By comparing these measurements between the side with the encephalocele (ipsilateral) and the healthy side (contralateral), researchers identified a distinct imaging signature. The frontotemporal aperture was significantly wider on the affected side, particularly at the anterior edge of the temporal lobe. Simultaneously, the temporal opercular angle was significantly smaller, resulting in a larger overall difference in opercular angles.
Importantly, these metrics remained significant even in 26% of patients where the encephaloceles were initially missed during standard MRI review. This suggests that these new measurements can improve diagnostic accuracy even when the lesions themselves are subtle. A control group of 14 patients with unilateral mesial temporal sclerosis did not exhibit the same asymmetries, indicating the specificity of these findings to encephaloceles.
The ‘Tethering’ Hypothesis and Surgical Implications
The study supports a “tethering hypothesis,” where the encephalocele acts as a physical anchor, restricting the movement of brain tissue even after the surrounding cortex is disconnected. The widened Sylvian fissure observed on MRI is believed to reflect chronic rotational or traction forces exerted on the temporal lobe due to this attachment point. This mechanical constraint may contribute to the development and persistence of seizures.
Clinically, the findings have significant implications for surgical planning. In the Cleveland Clinic study, 80% of patients achieved a favorable seizure outcome (classified as ILAE classes 1-3) following resection, with half experiencing complete seizure freedom (ILAE class 1). Interestingly, the size of the encephalocele did not correlate with seizure severity. In cases of bilateral encephaloceles, targeting the side with the greater tethering metrics – wider aperture and smaller opercular angle – led to positive outcomes, even if the lesion itself wasn’t larger.
Pathological examination of the resected tissue revealed subpial gliosis or perivascular inflammation in 84% of cases and cortical dysplasia in nearly half, suggesting that encephaloceles can induce broader neocortical disorganization beyond localized irritation.
Practical Guidance for Clinicians
The study authors offer several recommendations for improving the diagnostic workup of temporal lobe epilepsy:
- Careful Sylvian Fissure Evaluation: When a patient presents with refractory temporal lobe epilepsy and a seemingly normal MRI, clinicians should meticulously examine the Sylvian fissure for asymmetrical widening or alterations in the opercular angle.

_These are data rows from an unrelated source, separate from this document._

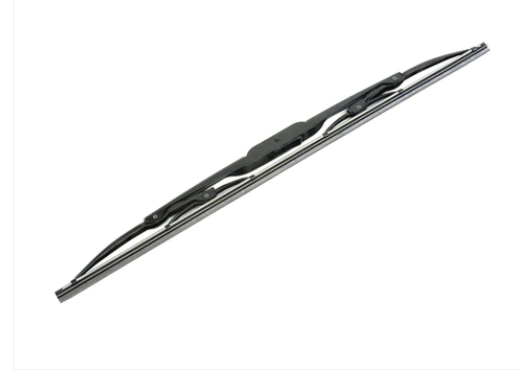 Front Wiper Blade, Left - Mopar (68003937AB)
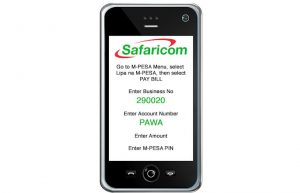 BetPawa Kenya Mobile App, Paybill, Login & Registration 2022
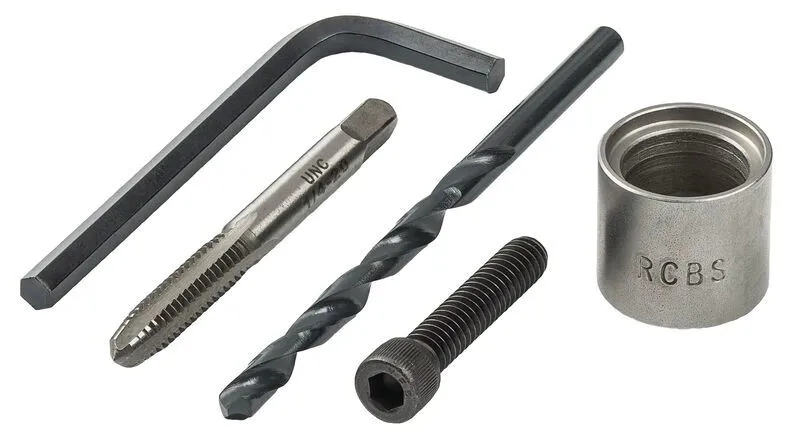 RCBS STUCK CASE REMOVER - RCB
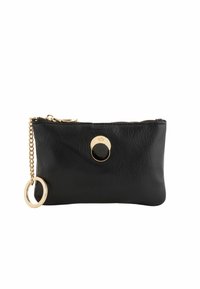 Non sélectionné, black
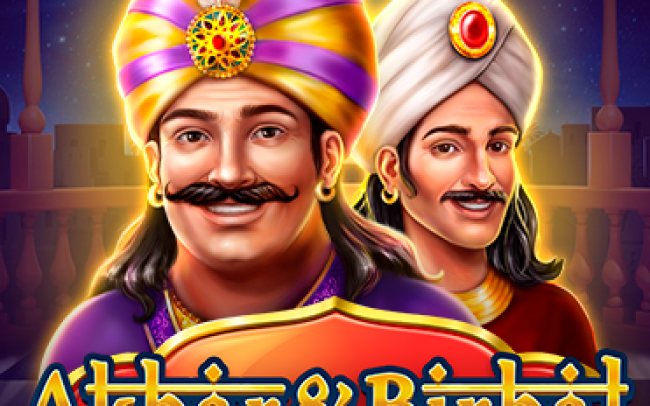 Akbar & Birbal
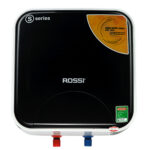 Bình nóng lạnh ROSSI S-Series 30L lít vuông RSS-30SQ gián tiếp 2500w
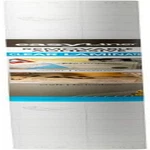 Easyliner Clear Adhesive Shelf For Cabinets, Cupboards & Protective Coveri. Fixed Price $59.71.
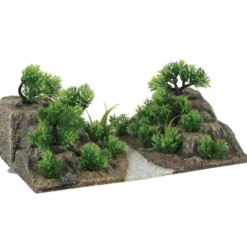 Décor pour aquarium Landscape Road 30 - Zolux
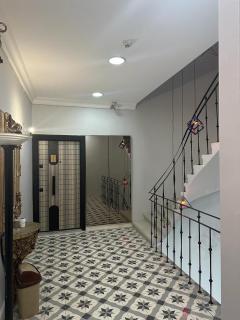 Konak Suite İn The Bar Street - Istanbul - 1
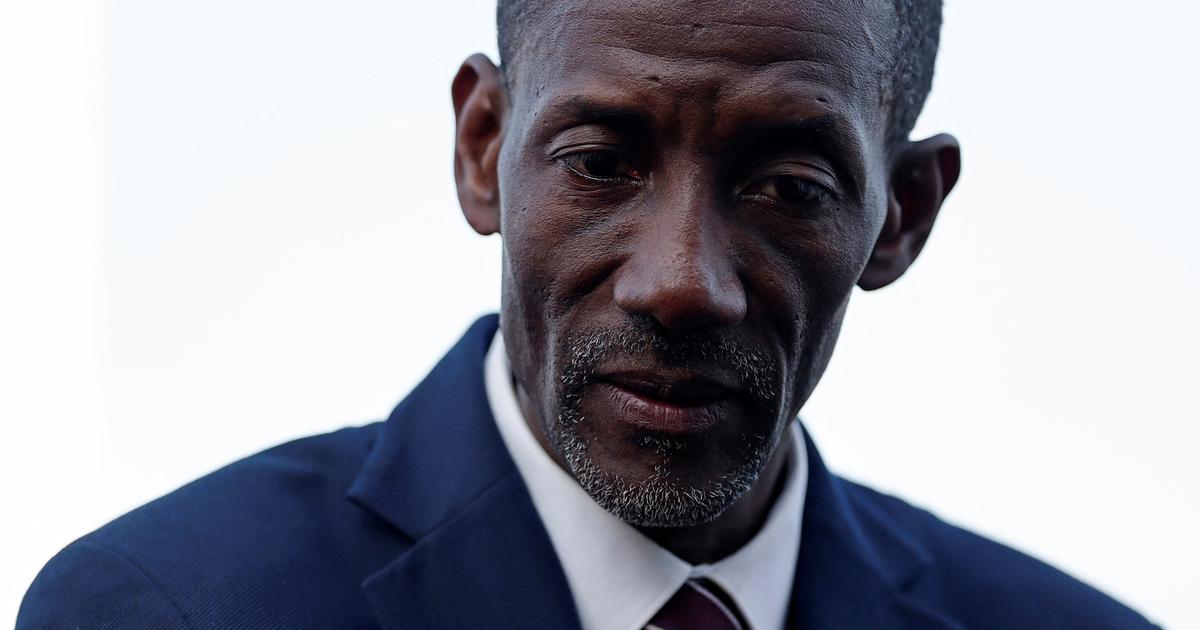 Saint-Denis : un premier conseil municipal houleux après l’élection de l’insoumis Bally Bagayoko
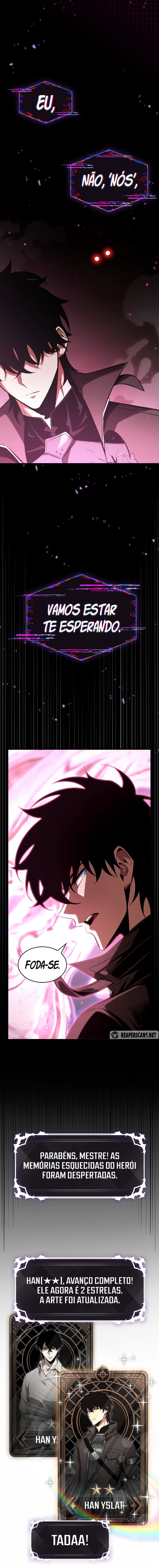 Read Me Escolha PT Manga Online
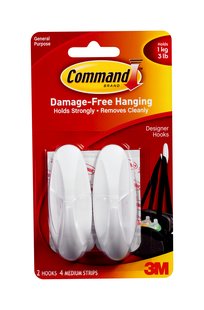 General Purpose Command Hooks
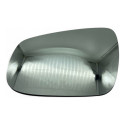 Lente Com Base Retrovisor Chery Tiggo 8 Esquerdo Motorista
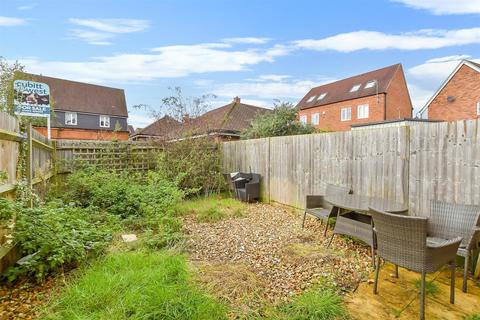 3 bedroom townhouse for sale, Staples Close, Broadbridge Heath, Horsham, West Sussex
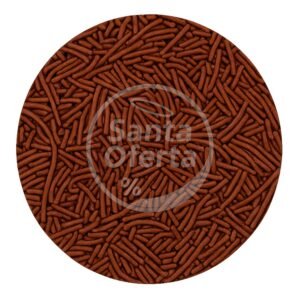 Mostacillas Palitos Chocolate 100 Gr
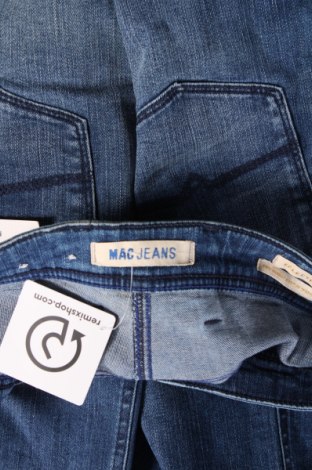 Pánske nohavice  Mac, Veľkosť M, Farba Modrá, Cena  5,98 €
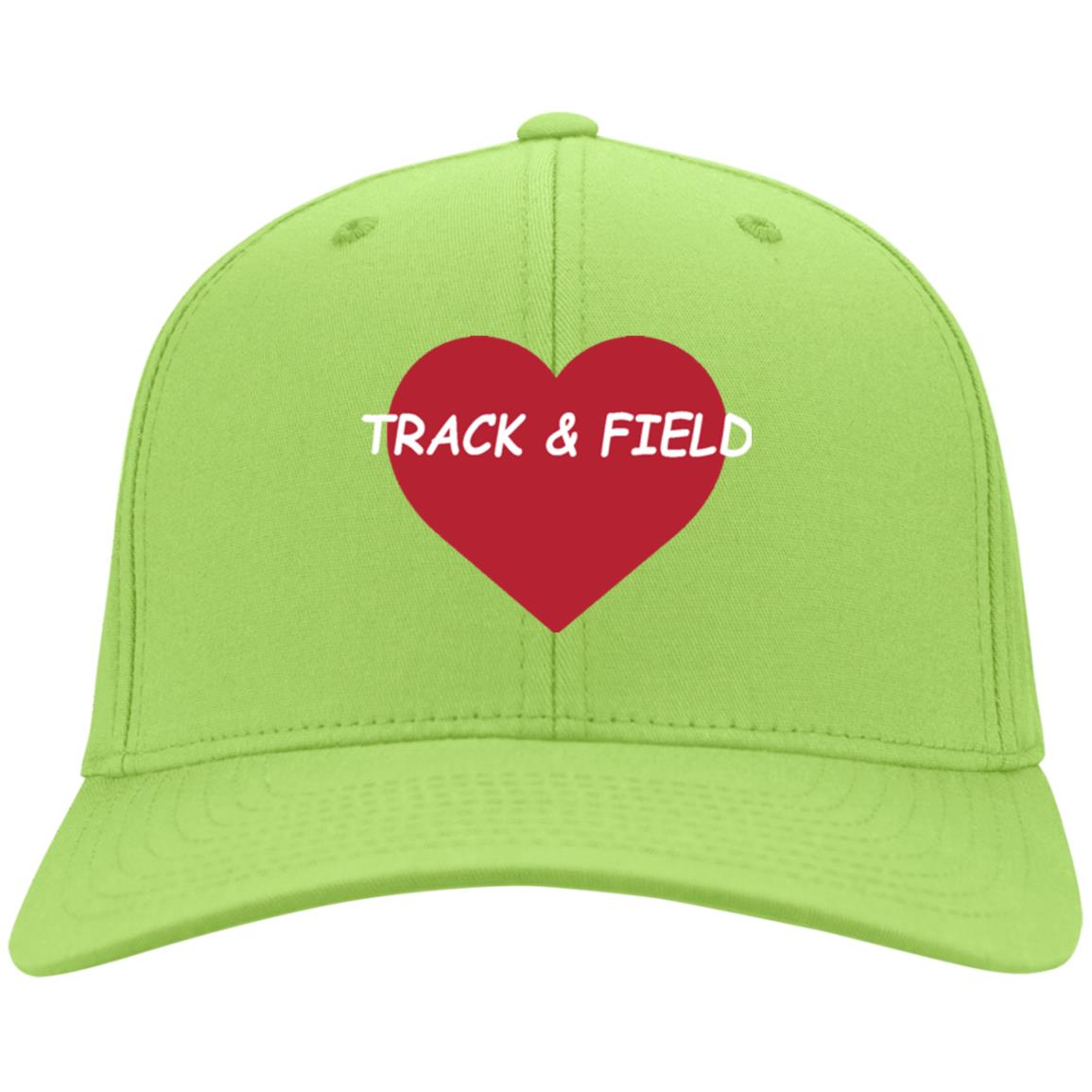 Track & Field Sport Hat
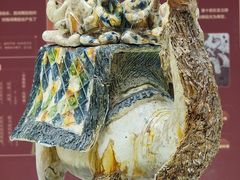 -陕西历史博物馆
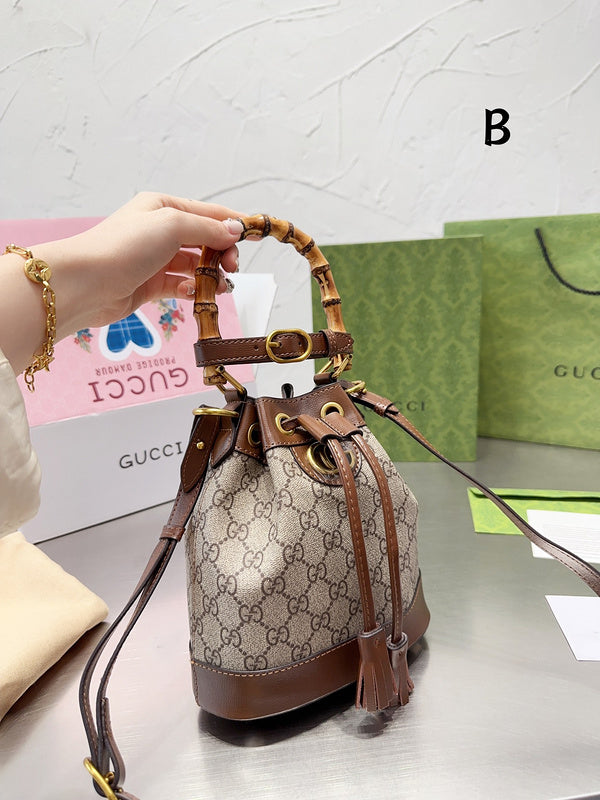 Luxury - Gucci Bags - 230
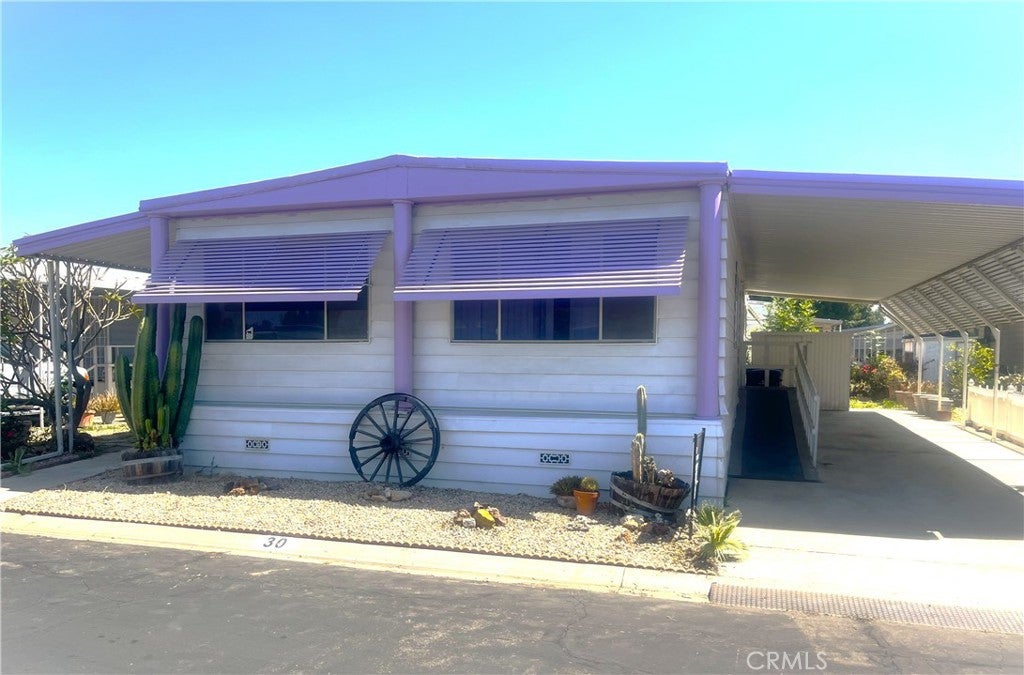 9391 California Avenue # 30, Riverside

- De-emphasize Lesion Size: The presence of tethering, as indicated by the new metrics, may be a more reliable predictor of the seizure focus than the absolute size of the encephalocele.
- Refined Surgical Planning: Identifying an encephalocele can enable more targeted resections of the temporal pole, potentially sparing the hippocampus and reducing the necessitate for invasive SEEG procedures.
“By integrating these metrics of frontotemporal aperture and opercular angle into standard radiological reviews, epilepsy teams can move closer to unmasking the cause of lesion-negative epilepsy and offering targeted, life-changing surgical interventions to a broader array of patients,” stated Dr. Demitre Serletis, a neurosurgeon at Cleveland Clinic’s Epilepsy Center and senior author of the study. Dr. Serletis shared senior authorship with epileptologist Juan Bulacio, MD.
Further research is needed to validate these findings in larger, multi-center studies and to explore the potential for developing automated tools to assist in the detection of temporal encephaloceles. The Cleveland Clinic’s Epilepsy Center continues to investigate novel approaches to diagnosing and treating complex epilepsy syndromes, including the intersection of epilepsy and dementia, as highlighted by a new program tackling both epilepsy and dementia in older adults.